Reputation: 1149
I have a table in a PostgreSQL database
CREATE TABLE js.orders (
id serial NOT NULL PRIMARY KEY,
info json NOT NULL
)
containing 6 rows of JSON data:
select * from js.orders;
returns
id | info
----+----------------------------------------------------------------------------------------------------
1 | { "customer": "Kapil", "items": {"product": "Heineken","qty": 6}}
2 | { "customer": "Satyen", "items": {"product": "Heineken","qty": 18}}
3 | { "customer": "Rekha", "items": {"product": "Carlsberg","qty": 24}}
4 | { "customer": "Madhuri", "items": {"product": "Kalyani","qty": 12}}
5 | { "customer": "Srinivas", "items": {"product": "Kingfisher Strong","qty": 12}}
6 | { "customer": "Saina", "items": [{"product": "Bira91","qty": 6},{"product": "Kalyani","qty": 6} ]}
(6 rows)
The following 'select' query with a 'where' condition:
SELECT info ->> 'customer' AS customer FROM js.orders WHERE info -> 'items' ->> 'product' = 'Heineken';
returns the correct two rows:
customer
----------
Kapil
Satyen
(2 rows)
However, the following query should return two rows:
SELECT info ->> 'customer' AS customer FROM js.orders WHERE info -> 'items' ->> 'product' = 'Kalyani';
but returns only one row:
customer
-----------------
Madhuri
(1 row)
Obviously, the fact that the row with "customer" : "Sania" has a LIST of "items" instead of a single "items" is causing this problem. How should I modify my query so that the correct number of rows is returned. Or is it that the data has to be reformatted otherwise.
Platform is
'PostgreSQL 14.10 (Ubuntu 14.10-0ubuntu0.22.04.1) on x86_64-pc-linux-gnu, compiled by gcc (Ubuntu 11.4.0-1ubuntu1~22.04) 11.4.0, 64-bit'
Upvotes: 2
Views: 130
Reputation: 658757
Your fist issue is that you store structured data as JSON documents instead of plain columns in a relational design, which would be much more efficient for storage and queries.

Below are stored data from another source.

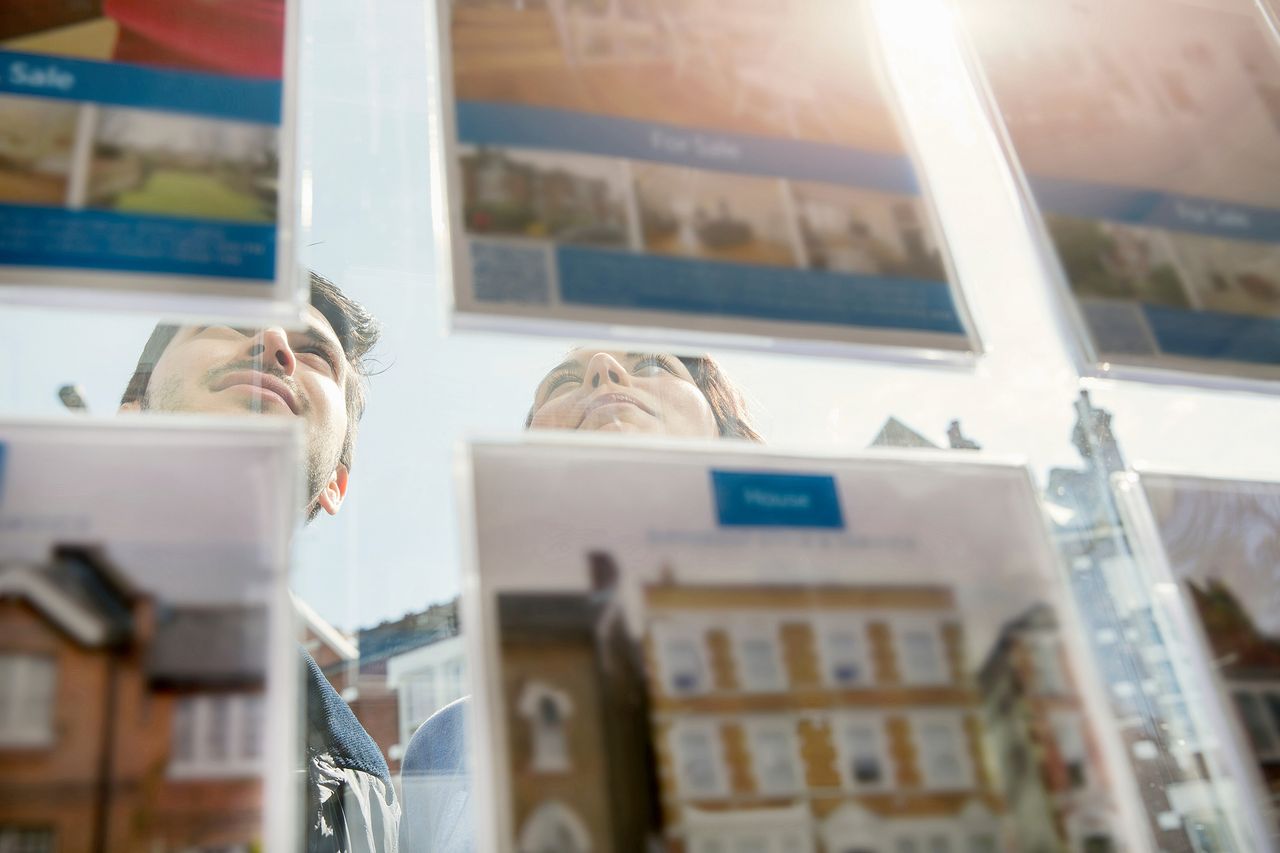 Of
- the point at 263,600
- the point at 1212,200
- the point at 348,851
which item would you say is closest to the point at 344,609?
the point at 348,851

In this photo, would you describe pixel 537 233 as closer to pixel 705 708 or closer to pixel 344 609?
pixel 705 708

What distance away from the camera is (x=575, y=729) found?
800mm

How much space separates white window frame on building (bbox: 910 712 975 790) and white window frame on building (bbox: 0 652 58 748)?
64 cm

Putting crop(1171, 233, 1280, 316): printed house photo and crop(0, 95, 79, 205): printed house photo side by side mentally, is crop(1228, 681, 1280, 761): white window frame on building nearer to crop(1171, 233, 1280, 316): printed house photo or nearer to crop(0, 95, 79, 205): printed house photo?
crop(1171, 233, 1280, 316): printed house photo

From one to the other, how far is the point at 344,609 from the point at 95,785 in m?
0.64

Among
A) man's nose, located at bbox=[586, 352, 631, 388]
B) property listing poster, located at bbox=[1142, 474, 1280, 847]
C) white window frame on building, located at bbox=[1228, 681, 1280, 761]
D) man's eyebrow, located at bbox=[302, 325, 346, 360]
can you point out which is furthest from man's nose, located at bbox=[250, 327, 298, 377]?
white window frame on building, located at bbox=[1228, 681, 1280, 761]

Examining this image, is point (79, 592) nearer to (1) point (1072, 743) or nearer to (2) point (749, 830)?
(2) point (749, 830)

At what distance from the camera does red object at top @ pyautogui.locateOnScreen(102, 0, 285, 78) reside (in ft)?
3.29

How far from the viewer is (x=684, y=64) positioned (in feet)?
4.03

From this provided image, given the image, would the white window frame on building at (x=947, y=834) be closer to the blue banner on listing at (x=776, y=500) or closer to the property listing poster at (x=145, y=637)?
the blue banner on listing at (x=776, y=500)

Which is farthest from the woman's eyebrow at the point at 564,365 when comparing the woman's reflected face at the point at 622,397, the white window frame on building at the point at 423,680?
the white window frame on building at the point at 423,680

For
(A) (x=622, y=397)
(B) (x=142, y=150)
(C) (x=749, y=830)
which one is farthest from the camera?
(A) (x=622, y=397)

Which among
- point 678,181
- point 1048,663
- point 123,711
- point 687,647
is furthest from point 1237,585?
point 123,711

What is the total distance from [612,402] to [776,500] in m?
0.59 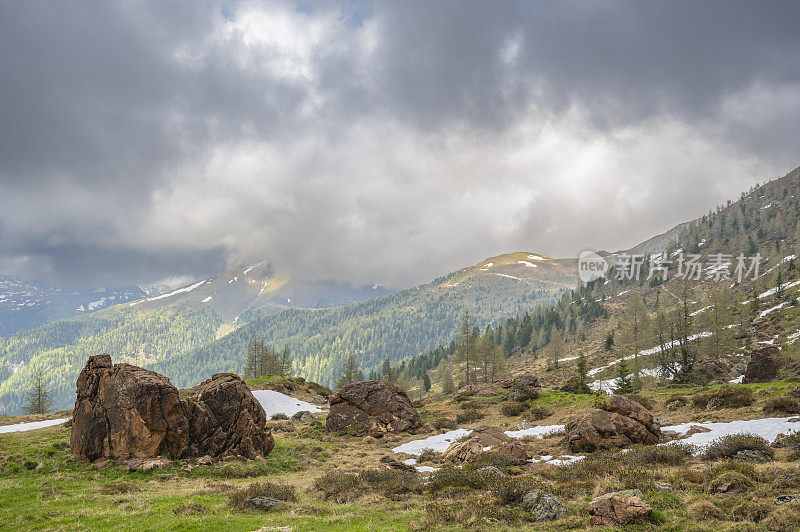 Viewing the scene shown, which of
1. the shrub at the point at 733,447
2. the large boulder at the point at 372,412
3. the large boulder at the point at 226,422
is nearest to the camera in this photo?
the shrub at the point at 733,447

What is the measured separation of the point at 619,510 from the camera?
12.5 m

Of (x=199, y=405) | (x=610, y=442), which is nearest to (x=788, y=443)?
(x=610, y=442)

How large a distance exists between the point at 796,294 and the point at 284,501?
5653 inches

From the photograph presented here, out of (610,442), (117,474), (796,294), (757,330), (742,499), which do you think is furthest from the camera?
(796,294)

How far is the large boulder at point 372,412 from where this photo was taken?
137 feet

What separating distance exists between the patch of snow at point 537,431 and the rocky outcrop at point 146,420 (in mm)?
23080

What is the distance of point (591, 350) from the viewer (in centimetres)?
13900

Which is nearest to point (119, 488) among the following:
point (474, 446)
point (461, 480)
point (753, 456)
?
point (461, 480)

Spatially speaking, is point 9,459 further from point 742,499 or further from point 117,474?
point 742,499

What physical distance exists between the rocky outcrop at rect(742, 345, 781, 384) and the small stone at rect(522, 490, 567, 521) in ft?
157

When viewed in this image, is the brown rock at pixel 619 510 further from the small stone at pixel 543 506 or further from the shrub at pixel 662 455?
the shrub at pixel 662 455

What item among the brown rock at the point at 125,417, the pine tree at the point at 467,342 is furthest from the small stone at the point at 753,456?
the pine tree at the point at 467,342

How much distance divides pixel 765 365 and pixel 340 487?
53.1 m

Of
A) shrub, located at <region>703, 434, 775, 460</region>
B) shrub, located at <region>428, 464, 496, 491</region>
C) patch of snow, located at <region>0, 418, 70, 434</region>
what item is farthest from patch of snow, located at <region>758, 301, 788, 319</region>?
patch of snow, located at <region>0, 418, 70, 434</region>
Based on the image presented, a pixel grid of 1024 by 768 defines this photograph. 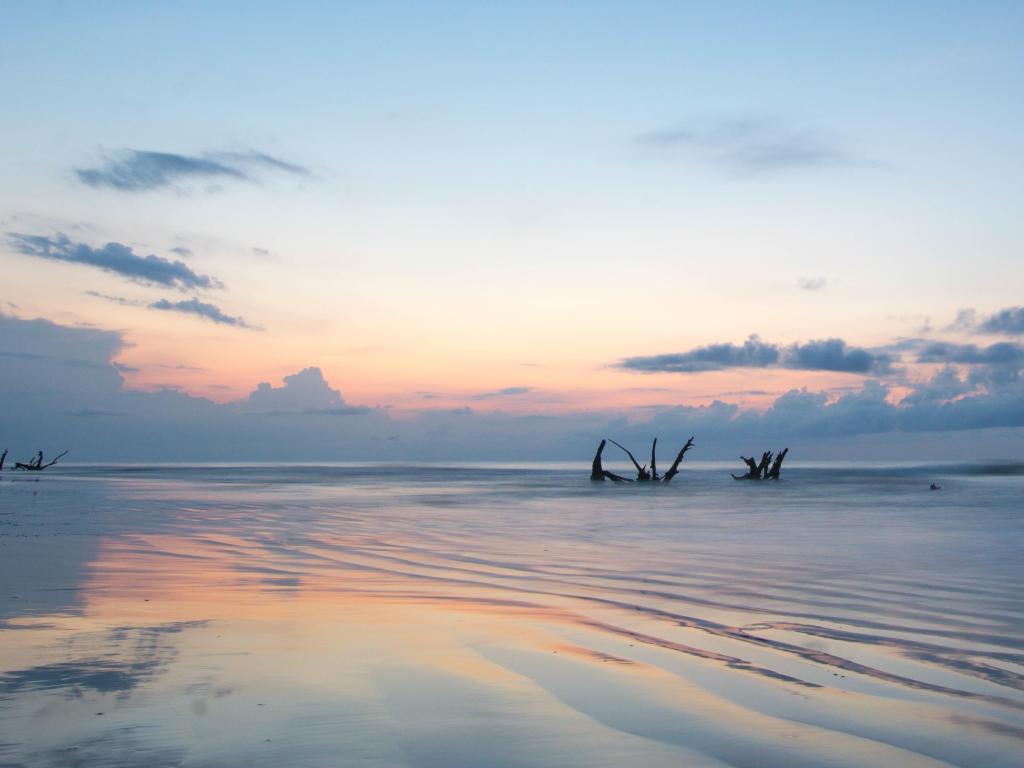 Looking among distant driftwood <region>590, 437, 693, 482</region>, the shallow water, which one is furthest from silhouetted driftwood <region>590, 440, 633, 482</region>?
the shallow water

Your second issue is that you vary the structure of said JSON documents without need. Some have an object and some an array as value for the key "items". (None have a "list", which does not exist in JSON terminology.) Makes queries more complicated.
While stuck with your unfortunate design, this query with the jsonpath
operator @?
works, because it processes objects and arrays at the given path in default "lax" mode:
SELECT info ->> 'customer' AS customer
FROM orders
WHERE info -> 'items' @? '$.product ? (@ == "Kalyani")';
To only look at objects like your original query:
SELECT id, info ->> 'customer' AS customer
FROM orders
WHERE info -> 'items' @? 'strict $.product ? (@ == "Kalyani")';
Requires Postgres 12 or later, where the SQL/JSON path language was added. And assumes jsonb
as data type, not json
. The former is typically preferable anyway.